Extended curettage is a surgical procedure commonly used in the management of benign bone tumors, particularly giant cell tumors of bone (GCTB). It involves the removal of tumor tissue from the affected bone using a curette, along with additional measures to ensure thorough removal and reduce the risk of tumor recurrence. Here's a detailed description of extended curettage:

Surgical Technique:

  • Access and Exposure: The surgical site is accessed through an appropriate incision, providing adequate exposure of the affected bone and tumor. Soft tissue structures such as muscles, tendons, and nerves are carefully retracted to ensure clear visualization of the tumor and surrounding bone.
  • Tumor Removal: Using a sharp curette or similar instrument, the surgeon carefully removes the tumor tissue from within the affected bone. Extended curettage involves thorough scraping and scooping out of the tumor tissue from the bone cavity, ensuring complete removal while preserving the integrity of the surrounding healthy bone.
  • Adjunctive Measures: To reduce the risk of tumor recurrence, adjunctive measures may be employed during extended curettage. This may include the use of chemical agents such as phenol or liquid nitrogen to destroy residual tumor cells and sterilize the bone cavity.
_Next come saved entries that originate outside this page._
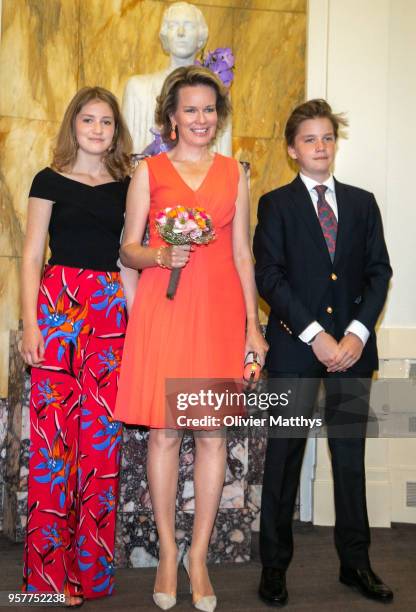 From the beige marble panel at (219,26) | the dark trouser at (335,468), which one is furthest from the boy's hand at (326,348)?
the beige marble panel at (219,26)

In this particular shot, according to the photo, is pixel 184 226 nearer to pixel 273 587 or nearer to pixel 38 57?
pixel 273 587

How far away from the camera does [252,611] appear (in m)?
3.13

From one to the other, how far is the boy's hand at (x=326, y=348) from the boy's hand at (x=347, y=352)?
0.02 meters

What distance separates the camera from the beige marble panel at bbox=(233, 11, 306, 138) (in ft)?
17.9

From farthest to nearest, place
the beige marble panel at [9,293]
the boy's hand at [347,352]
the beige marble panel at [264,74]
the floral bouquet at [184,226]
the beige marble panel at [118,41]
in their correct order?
1. the beige marble panel at [264,74]
2. the beige marble panel at [118,41]
3. the beige marble panel at [9,293]
4. the boy's hand at [347,352]
5. the floral bouquet at [184,226]

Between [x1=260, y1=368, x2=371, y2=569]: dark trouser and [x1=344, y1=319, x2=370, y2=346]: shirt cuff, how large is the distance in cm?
17

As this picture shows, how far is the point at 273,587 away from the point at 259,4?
4032 mm

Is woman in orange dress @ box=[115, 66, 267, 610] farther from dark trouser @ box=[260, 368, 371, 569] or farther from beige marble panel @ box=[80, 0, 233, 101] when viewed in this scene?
beige marble panel @ box=[80, 0, 233, 101]

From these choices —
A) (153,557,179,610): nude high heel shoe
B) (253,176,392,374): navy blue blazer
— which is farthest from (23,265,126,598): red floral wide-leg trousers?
(253,176,392,374): navy blue blazer

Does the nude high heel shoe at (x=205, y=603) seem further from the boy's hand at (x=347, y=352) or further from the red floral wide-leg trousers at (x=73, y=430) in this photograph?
the boy's hand at (x=347, y=352)

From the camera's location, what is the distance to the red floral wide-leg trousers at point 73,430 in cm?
314

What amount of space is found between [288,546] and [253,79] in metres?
3.46

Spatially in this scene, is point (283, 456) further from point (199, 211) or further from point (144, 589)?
point (199, 211)

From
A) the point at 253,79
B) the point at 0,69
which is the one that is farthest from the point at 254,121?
the point at 0,69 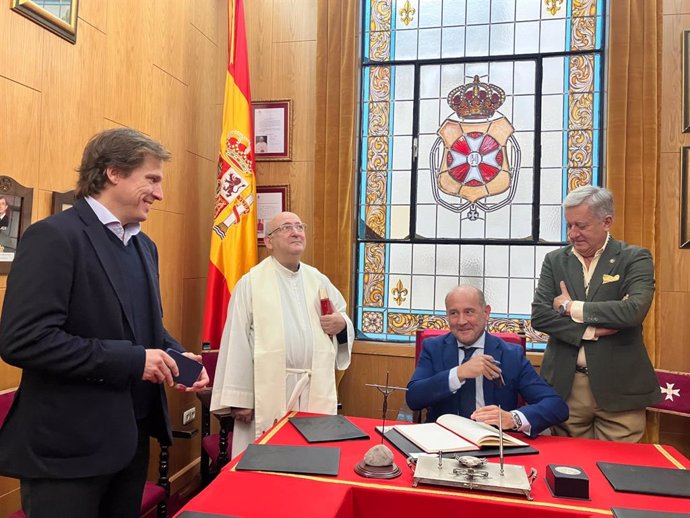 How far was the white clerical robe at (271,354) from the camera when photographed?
116 inches

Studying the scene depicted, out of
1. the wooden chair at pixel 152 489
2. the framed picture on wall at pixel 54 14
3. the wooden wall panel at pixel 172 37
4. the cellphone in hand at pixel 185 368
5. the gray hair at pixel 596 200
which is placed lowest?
the wooden chair at pixel 152 489

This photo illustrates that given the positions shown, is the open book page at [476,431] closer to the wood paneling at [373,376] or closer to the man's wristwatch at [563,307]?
the man's wristwatch at [563,307]

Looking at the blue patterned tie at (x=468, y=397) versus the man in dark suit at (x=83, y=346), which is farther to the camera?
the blue patterned tie at (x=468, y=397)

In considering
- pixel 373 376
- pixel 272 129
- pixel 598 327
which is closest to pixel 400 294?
pixel 373 376

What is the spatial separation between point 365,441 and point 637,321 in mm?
1379

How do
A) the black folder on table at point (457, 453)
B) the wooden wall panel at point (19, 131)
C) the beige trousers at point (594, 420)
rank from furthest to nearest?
the beige trousers at point (594, 420)
the wooden wall panel at point (19, 131)
the black folder on table at point (457, 453)

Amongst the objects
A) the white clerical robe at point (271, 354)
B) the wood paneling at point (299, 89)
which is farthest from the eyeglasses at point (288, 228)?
the wood paneling at point (299, 89)

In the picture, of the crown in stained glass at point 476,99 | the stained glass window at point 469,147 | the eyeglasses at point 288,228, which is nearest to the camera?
the eyeglasses at point 288,228

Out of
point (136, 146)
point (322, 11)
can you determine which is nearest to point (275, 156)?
point (322, 11)

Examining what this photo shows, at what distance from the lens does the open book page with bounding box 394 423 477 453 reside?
1.86m

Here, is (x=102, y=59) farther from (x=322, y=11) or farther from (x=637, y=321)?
(x=637, y=321)

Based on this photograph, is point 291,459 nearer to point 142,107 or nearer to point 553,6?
point 142,107

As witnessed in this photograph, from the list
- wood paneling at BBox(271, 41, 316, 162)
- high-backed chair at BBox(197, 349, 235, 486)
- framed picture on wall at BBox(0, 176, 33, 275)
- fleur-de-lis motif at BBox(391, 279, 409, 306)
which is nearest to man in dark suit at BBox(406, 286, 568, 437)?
high-backed chair at BBox(197, 349, 235, 486)

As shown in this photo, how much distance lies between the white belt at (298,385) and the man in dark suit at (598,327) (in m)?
1.24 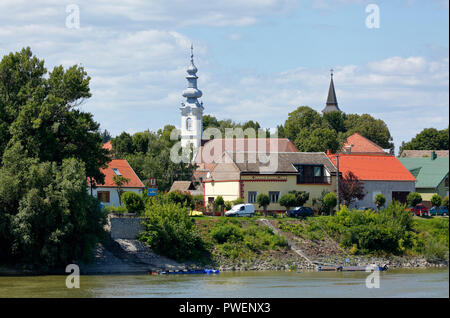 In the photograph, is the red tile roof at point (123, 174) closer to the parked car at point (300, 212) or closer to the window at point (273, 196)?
the window at point (273, 196)

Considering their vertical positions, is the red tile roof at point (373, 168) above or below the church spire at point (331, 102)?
below

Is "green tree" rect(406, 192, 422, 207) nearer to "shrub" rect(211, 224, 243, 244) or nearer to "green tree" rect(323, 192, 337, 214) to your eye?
"green tree" rect(323, 192, 337, 214)

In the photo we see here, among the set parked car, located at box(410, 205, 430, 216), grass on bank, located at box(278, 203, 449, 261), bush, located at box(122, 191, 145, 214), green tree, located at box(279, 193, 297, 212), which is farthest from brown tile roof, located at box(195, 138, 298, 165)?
bush, located at box(122, 191, 145, 214)

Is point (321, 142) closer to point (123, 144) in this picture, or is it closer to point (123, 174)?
point (123, 144)

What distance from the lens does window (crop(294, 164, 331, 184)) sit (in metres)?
67.6

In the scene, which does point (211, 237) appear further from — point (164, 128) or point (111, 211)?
point (164, 128)

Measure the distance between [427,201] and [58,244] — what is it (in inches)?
1657

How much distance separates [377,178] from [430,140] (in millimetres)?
57919

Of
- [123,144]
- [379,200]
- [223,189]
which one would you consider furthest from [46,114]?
[123,144]

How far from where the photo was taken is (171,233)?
51.8 metres

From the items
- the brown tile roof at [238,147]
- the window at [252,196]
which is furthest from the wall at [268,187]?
the brown tile roof at [238,147]

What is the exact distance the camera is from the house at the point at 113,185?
2810 inches

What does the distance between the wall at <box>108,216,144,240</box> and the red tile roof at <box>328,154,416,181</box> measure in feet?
82.5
Additionally, bone grafting or bone cement may be used to fill the void left after tumor removal, providing structural support and promoting bone healing.
  • Reconstruction: In some cases, reconstruction of the bone defect may be necessary following tumor removal. This may involve the use of bone grafts, bone substitutes, or other reconstructive techniques to restore bone continuity and function.

Postoperative Care:

  • After extended curettage, the patient undergoes close monitoring for signs of wound healing, infection, or tumor recurrence.
  • Physical therapy and rehabilitation may be initiated to restore mobility, strength, and function to the affected limb, particularly if adjacent joints or muscles were involved in the surgical procedure.


  • Preservation of Function: Extended curettage preserves the surrounding healthy bone and joint function, minimizing the risk of functional impairment compared to more aggressive surgical options.
  • Reduced Morbidity: Compared to en bloc resection or amputation, extended curettage is associated with lower rates of postoperative complications and shorter recovery times.
  • Lower Recurrence Rate: When performed meticulously and with adjunctive measures, extended curettage has been shown to achieve low rates of tumor recurrence, allowing for long-term disease control in many cases.